Creed is that rarest of things: a standalone film with real emotional punch and thematic complexity that also continues and expands upon a very well-established, now almost cliché franchise. It may even open the way for a whole new series of films but so perfectly handled is it that it can't help but feel like tempting the fates to try and continue the series, especially if they do so without Stallone.

And that, of course, is one of the film's greatest strengths and greatest weaknesses. Stallone has often been criticized for his acting abilities but his sterling work here reminds us once again just how great, how iconic a character Rocky so obviously is, but also how astonishingly good he is in the role. It may even be his best work in the franchise to date. The problem, then, is that no matter how good the rest of the cast is – and with Michael B Jordan knocking it out of the park and Tessa Thompson channeling her inner Lisa Bonet, it's very, very good indeed – Rocky and Stallone can't help but utterly overshadow them. It also probably doesn't help that the film's “villain”, a dickish Liverpudlian boxing champ, is easily the least memorable baddie in the series.

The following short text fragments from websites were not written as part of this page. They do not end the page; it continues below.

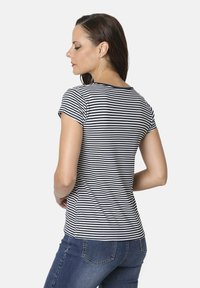 Camiseta de mangas cortas a rayas en azul marino y blanco, con cuello redondo y silueta ajustada, combinada con unos vaqueros de denim azul.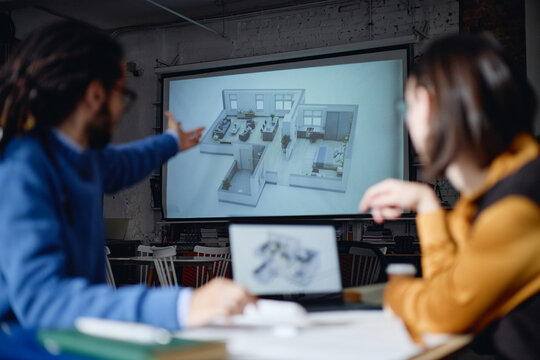 Caucasian man and Asian woman discussing architectural floor plan projected on screen in office setting, both sitting at table with laptop, focusing on building design presentation
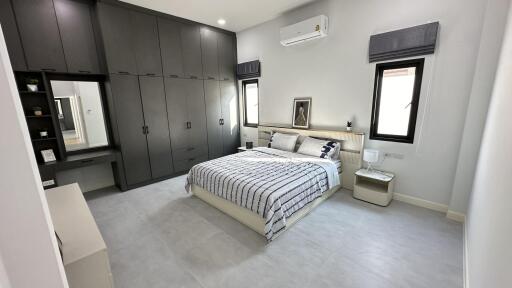 Spacious bedroom with modern decor, large built-in wardrobe, bed and nightstand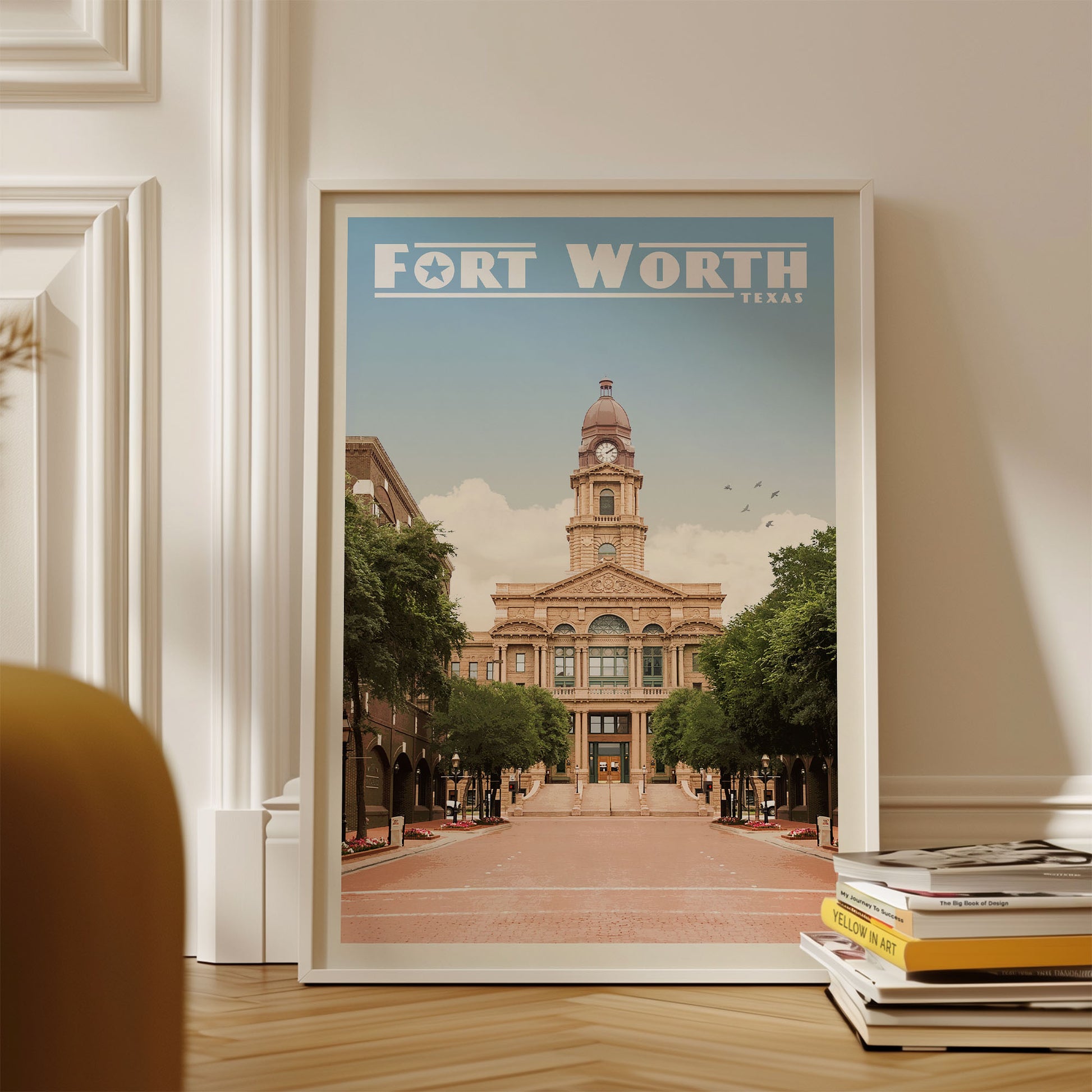 A framed poster of the Fort Worth, Texas cityscape, featuring a large building with a clock tower and surrounded by trees.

Finally, mention must be made of the music. Creed features a whole new score and replaces the feel-good pop songs of past films with an edgier hip hop beat, but it's actually just another case of the film so brilliantly balancing the old and the new. Along with its presumably unintentional riff on Burt Bacharach's famous theme song from Alfie (“What's it all about... Aaaaalfie”),it constantly references the classic Rocky score without actually replicating it. When the classic Rocky theme, Gonna Fly Now, does finally come in, therefore, it's a fist-pumping, heart-leaping, smile-forming moment that proves once and for all just how bloody well everything else around it is working.